How to eat healthy, no matter where you live: go frozen


Frozen vegetables

Getty Images / Jewel Samad



For the average person interested in fasting, Longo recommends a more balanced approach than what biohackers and health influencers claim. Instead of cutting out solid food for days, or purging liquids, simply limit your meals to a 12-hour window (say, 8 a.m. to 8 p.m.), skipping late-night snacks.

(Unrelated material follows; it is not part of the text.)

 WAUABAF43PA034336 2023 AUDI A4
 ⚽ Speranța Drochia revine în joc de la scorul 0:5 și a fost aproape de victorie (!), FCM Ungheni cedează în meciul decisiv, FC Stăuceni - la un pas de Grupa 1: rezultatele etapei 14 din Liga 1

As for what you I DO eat, Longo is in line with other longevity experts. Beans, grains, vegetables, seeds, nuts – in short, all the foods you find in the “Blue Zones” and in the city of Longo, Genoa, Italy (like his favorite Italian crusty bread). Perhaps his most classic Italian recommendation? He suggests adults who want to try a longevity-focused diet aim for a “generous” amount of olive oil, at three teaspoons a day. (Recent research is beginning to suggest that this may be a great way to help prevent dementia.)

“Unless you end up in the lab of a world expert, it’s not that easy to know what to do,” Longo said. “Once you know, it’s very easy to get that food anywhere in the United States.”

And he says you don’t have to spend a fortune at organic fashion markets to make this diet work. Some of his favorite recipes focus on eating vegetables you can easily find frozen like broccoli and carrots, plus lots of beans, some fish and maybe some nuts for snacking.

“I always say that a lot of frozen foods are very healthy, organic, and you can get them anywhere in the U.S., even in small towns in the Midwest,” he said.